いまから狙うなら、まだ人気に火が付いていないモデルの方がいい。たとえば初代トヨタ・MR2(1984~1989年)などはどうか? これならアメリカ人は買い付けに来ていないし、状態のいい個体も見つけやすい。直線的なフォルムも、いかにも昭和風で青春の味がする。
数年前、この初代MR2を購入した知人のI氏によれば、どこに乗って行っても「うわ~、昔憧れたんだよ」「カッコいいね~」と声をかけられ、大人気だったそうだ。声の主は美女ではなく中高年男性ばかりというのはガックリだが、それでもちょっとしたアイドル気分が満喫できたという。私も試乗させてもらったが、いま乗っても走りはしっかりしていて、エアコンも効くし快適そのもの。何の不満もなかった。

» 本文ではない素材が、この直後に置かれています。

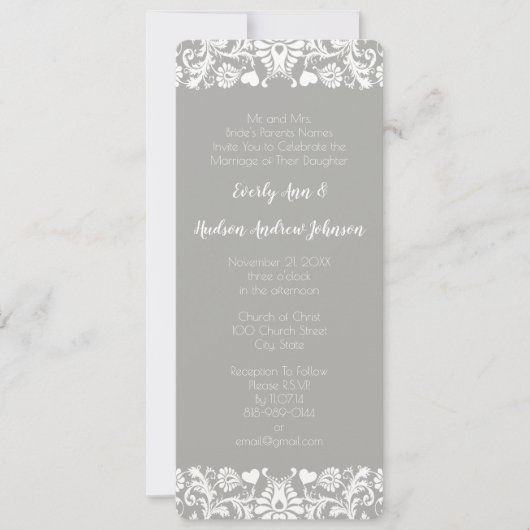 グレーとホワイトレースのフローラダマスクウェディング 招待状 (正面)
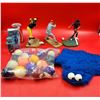 Image 1 : Baseball/Soccer Figurines, Pool Balls, Cookie Monster Mat & Collector's Robot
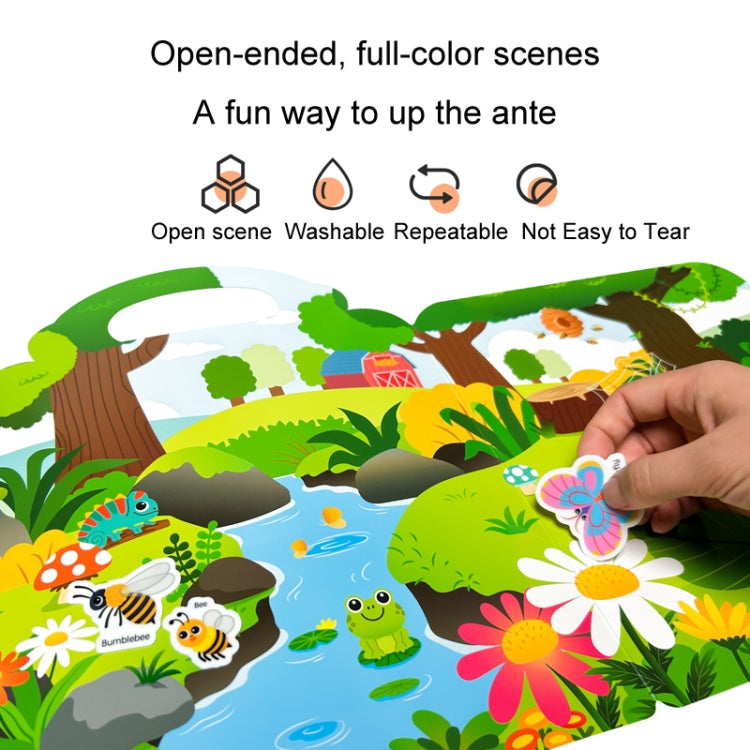 Kids Fun Toys Jelly Sticker Book Reusable Sticker Early Learning Baby Enlightenment Educational Toy, Style: Insect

I氏はこれを50万円で購入し、エンジンの整備などに50万円かけたが、1年後に同好の士に110万円で売れたので、出費はほとんどゼロに等しかったそうだ。
初代MR2は、現在も50万円くらいから手に入るが、ほとんどの個体が走行10万kmを超えているので、購入後はそれなりに整備費が必要だ。しかし、売る時は個人売買なら購入時より高く売れる可能性が高い。ムダ遣いのように見えて、国産ヤングクラシックは非常に堅実なのである。